Asked our MS reps today how Arc ESU activation is verified during the update process. You have answered for them! Very useful, thank you.
Glad I could save them some research :-D
This was a great session - thanks!
We've been upgrading our remaining 2012 R2 boxes over the last 9 months - 107 servers - some physical, most virtuals (on prem and in Azure).
The majority have been in-place upgrades. Success rate has been refreshingly high - we've actually found going to 2019 rather 2016 has made the upgrade run smoother.
In particular the 2016 upgrades hit you with a License 'Accept' button on first boot after the upgrade - if you're working remotely then you either need an ilo/rcb or someone on site to press Accept before you can get a remote session back up on it otherwise you're stuck.
2019 doesn't have that license blocker - so you can upgrade remotely without the need for a ilo/rcb/friendly on-premise staff member.
Wait an ilo? You're running windows server on bare metal? Why no hypervisor?
Awesome! Been waiting for this refreshing your feed!
Hope you enjoyed it!
Excellent video John!

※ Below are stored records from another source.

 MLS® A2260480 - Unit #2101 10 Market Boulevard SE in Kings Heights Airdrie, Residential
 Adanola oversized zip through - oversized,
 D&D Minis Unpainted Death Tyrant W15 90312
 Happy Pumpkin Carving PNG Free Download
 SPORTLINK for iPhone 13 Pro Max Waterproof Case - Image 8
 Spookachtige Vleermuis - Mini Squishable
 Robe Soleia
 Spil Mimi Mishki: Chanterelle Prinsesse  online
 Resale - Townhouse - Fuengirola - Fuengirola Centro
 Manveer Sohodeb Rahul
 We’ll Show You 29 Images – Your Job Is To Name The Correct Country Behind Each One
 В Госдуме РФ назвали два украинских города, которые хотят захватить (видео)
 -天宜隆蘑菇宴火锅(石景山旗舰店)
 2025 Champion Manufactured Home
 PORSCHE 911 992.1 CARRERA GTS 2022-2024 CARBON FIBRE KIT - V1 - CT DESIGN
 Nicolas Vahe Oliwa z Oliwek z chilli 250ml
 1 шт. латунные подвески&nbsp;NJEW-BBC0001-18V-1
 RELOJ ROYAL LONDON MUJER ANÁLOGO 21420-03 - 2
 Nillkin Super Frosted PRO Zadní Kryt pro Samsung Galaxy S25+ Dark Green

Thank you for sharing..
Very welcome
Timely and informative video. Tks John.
Very welcome
John, Thank you so much for this video, excellent explination you have saved mne hours of reading.
Glad it helped!
Great video. Thanks for sharing. There is the latest Oct patches release for W2012, without applying ESU license key still can install the patches. Is it unable to install the next month's patches if without applying the ESU license key?
November is first ESU required patch
Very informative. thank you!
Glad it was helpful!
Very good video John thanks !!
As it is easy to find the ESU yearly prices, do you know where we can find monthly ESU prices payed by Azure Arc ?
They are linked in this video description
@@NTFAQGuy my bad thanks !
No problem
Thanks John! Quick question - is licensing a VMware host possible or would it have to be Hyper V for physical core licensing?
can absolutely cover the pcores on a host or the vcores for the VMs.
Thanks for confirming dude
Are you sure that you cannot create a 48 vCore license and use it on say 6 4 vCPU VMs? Understanding that there has to be 8 cores per vm minimum.
They are actually changing the guidance to now allow this based on customer feedback but yes as you said still need 8 minimum per VM.
Can we leverage Azure ARC for SQL 2012 ESU support as well?
It’s covered in the video
Wow, free ESU if in Azure. What better way to force people into Azure.